GOAL OF THE EXERCISE:
In the data below, set down exactly the lines from the one containing "Il test di proporzionalità" up to and including the one containing "3 Mukhi Rudraksha Beads". Leave the pictures out.

** Opening MATERIAL SHOWN block **

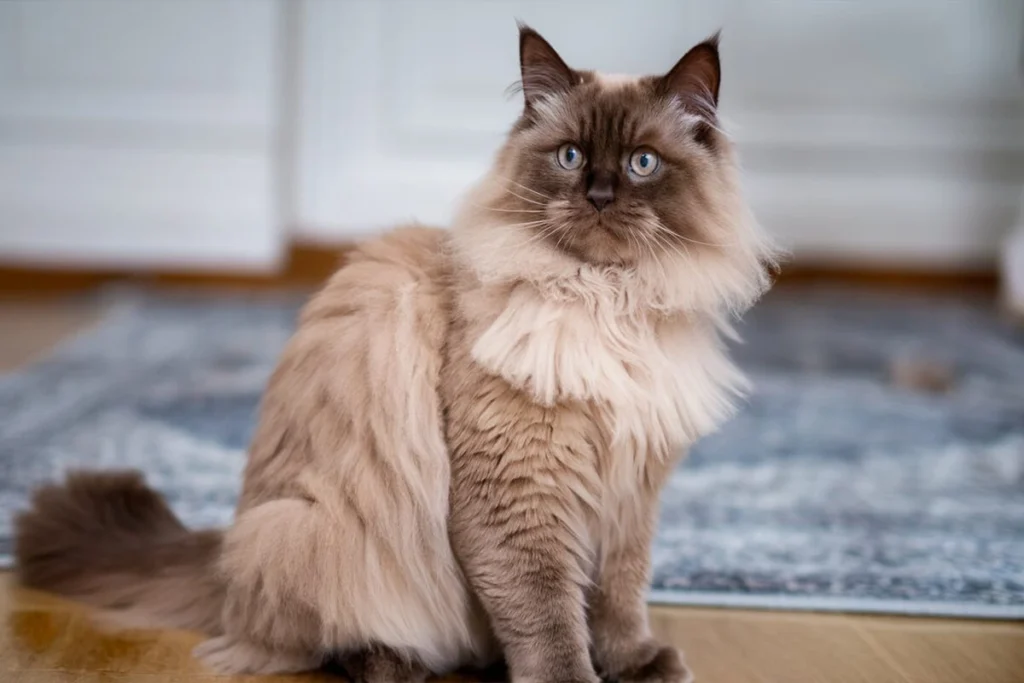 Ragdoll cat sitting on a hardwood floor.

** Closing MATERIAL SHOWN block **
** Opening MATERIAL SHOWN block **

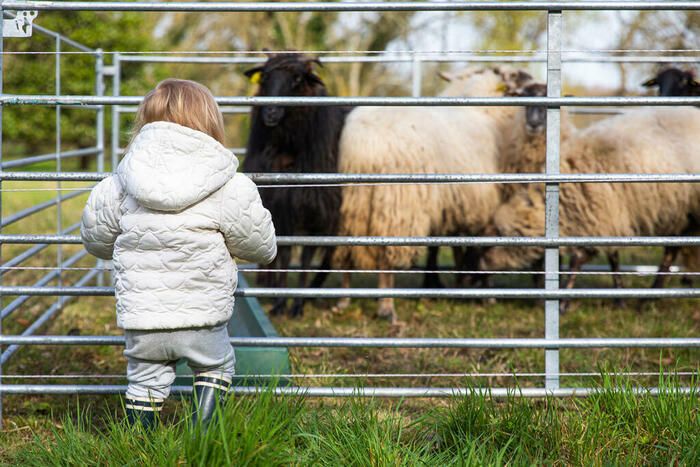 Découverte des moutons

** Closing MATERIAL SHOWN block **
** Opening MATERIAL SHOWN block **

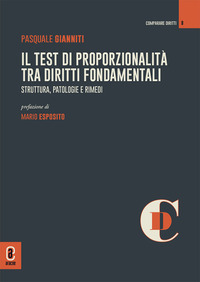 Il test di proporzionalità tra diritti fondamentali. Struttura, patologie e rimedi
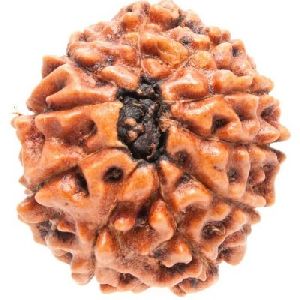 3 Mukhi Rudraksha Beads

** Closing MATERIAL SHOWN block **

SOLVED PROBLEM:
 Il test di proporzionalità tra diritti fondamentali. Struttura, patologie e rimedi
 3 Mukhi Rudraksha Beads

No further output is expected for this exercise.